Рисовальные классы, особенно натурный, походили на куреня. Освещались они смрадными простыми лампадами, расположенными рядами на нескольких железных сковородках. Над ними была поставлена широкая железная труба, проведенная сквозь крышу здания для уменьшения копоти, но вместо этого через нее в сильные морозы проходил несносный холод прямо на голую натуру и на учеников. Профессора и учащиеся, пробыв два часа в натурном классе, плевались и сморкались несколько часов одной копотью.

Право постановки натурщиков предоставлялось только профессорам исторической живописи, и они, казалось, старались перещеголять друг друга в ее затейливости.

Излюбленной одиночной постановкой был «убитый Авель». У натурщика, опрокинутого навзничь, особую «скульптурность» благодаря эффектной позе и освещению получала грудная клетка и откинутая левая или правая рука.
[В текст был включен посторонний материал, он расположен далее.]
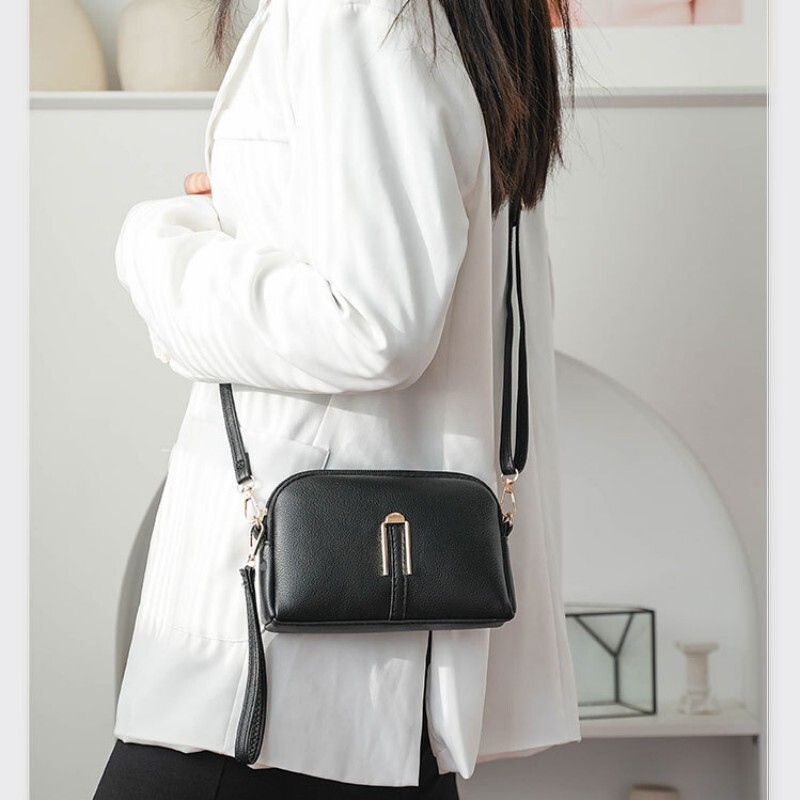 Geantă nouă, din piele naturală, pentru femei, de culoare solidă, husă pentru telefon, geantă de umăr elegantă, geantă de mesager mică și simplă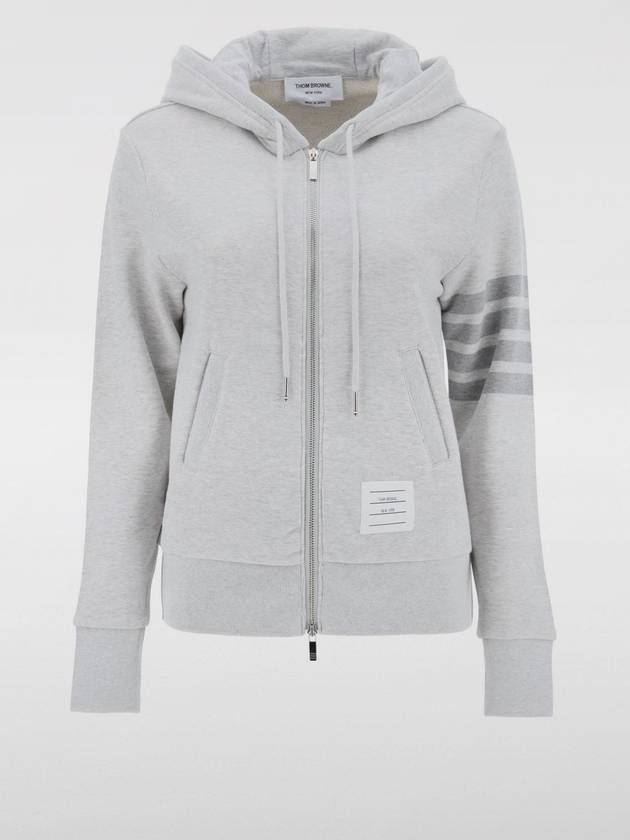 4-bar hooded zip-up light gray - THOM BROWNE - BALAAN 5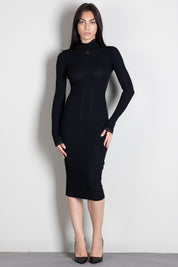 Elisabetta Franchi Abito Midi In Maglia con Dettaglio Logo AM21B66E2 NERO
Часто приходилось писать натурщика, «сидящего на камне». Такие постановки напоминали античные скульптуры.

В тишине, за работой, будущие художники слышали лишь отрывистые замечания профессора А. Е. Егорова:

— Общее, батюшка, общее, это главное; а туда хоть мусору насыпь, все будет хорошо!

«Поединок с натурой», происходивший в натурном классе, едва ли не на всю жизнь запечатлевался в памяти воспитанников Академии.

Случались печальные известия, объединявшие на какое-то время всех служивших и обучавшихся в Академии художеств.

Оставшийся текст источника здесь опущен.